The permission system has nothing to do with acs-rels, so I don't understand the question.
Relational segments and groups do use the acs-rels portion of the datamodel, and I'd agree that there is no need in most (but not all) cases for each row in a relationship to be an object. I wouldn't object to a rewrite of those two features to use non-object private tables to store the party-[group/rel] relationships. Groups and relsegs themselves must be objects so we can use permissions on them to determine who can add or delete members, etc.
If I'd been more ambitious when I added denormalized tables to speed permission checking I might've tackled this myself. However relsegs and groups provide fairly sophisticated functionality and a wide variety of views so a rewrite (including upgrade scripts) might be somewhat ambitious.
An example of when the fact that every row in a relationship is an object, and therefore visible to permissions, would be a general ratings system. Each rating would be a row in acs-rels, and permissions would govern who could edit or delete existing ratings.
So we don't want to toss out acs-rels entirely.
On the other hand, I don't see that the object cost of acs-rels as being a major concern. Though I'd be open to a rewrite of relsegs and groups that doesn't use acs-rels but rather a private relationship system, I don't think there's much bang-for-the-buck to be gained here.
A million rows should be no big deal. This is particularly true in Oracle (Postgres has a fairly high per-row overhead.) Even in PG you're talking 200-300 MB max for this table. Presumably if you're going to support 500,000 users you understand that you need many GB RAM no matter what technology you choose, and that getting rid of acs-objects isn't going to make that need go away.
Now one thing you *can* do is to not join against the acs-objects table unless you actually need the information that is stored there. It is joining not access per se that generates costs that build up. Identifying queries that are slow and optimizing them by various means is where you'll most impact performance IMO.

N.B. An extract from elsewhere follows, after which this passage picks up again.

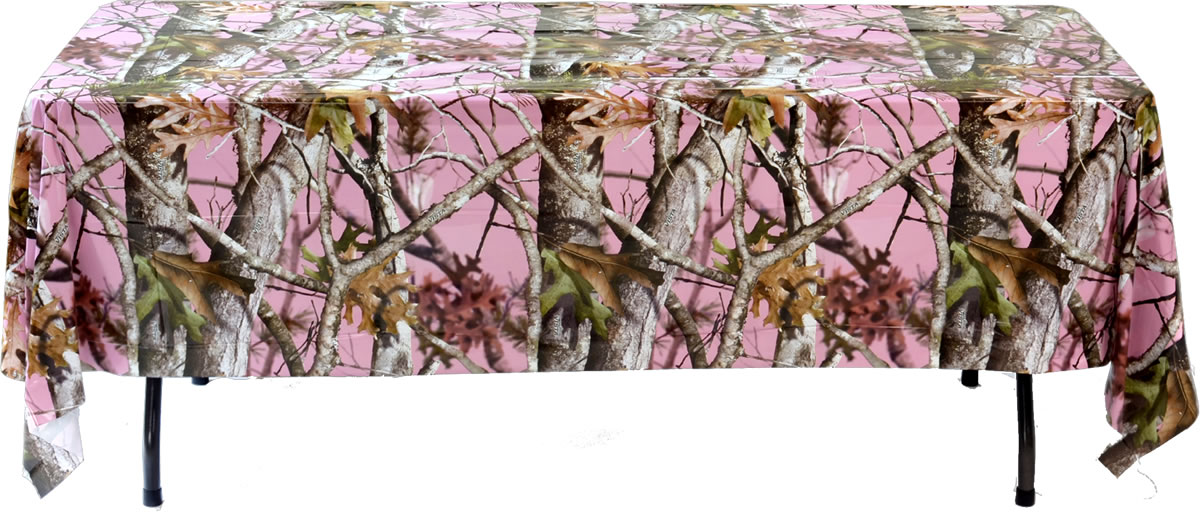 Pink Camo - Tablecover 54" x 108" - Image 2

Back to permissions ... there's evidence posted by Dirk Gomez that makes us think that adding a denormalized hierarchy table that exists in PG but not Oracle would speed performance.
Also getting rid of all these silly foo_read, foo_write private permissions that are children of read and write, and just using read and write directly would help permissions run faster. I just did this recently for the port of the 3.x events package.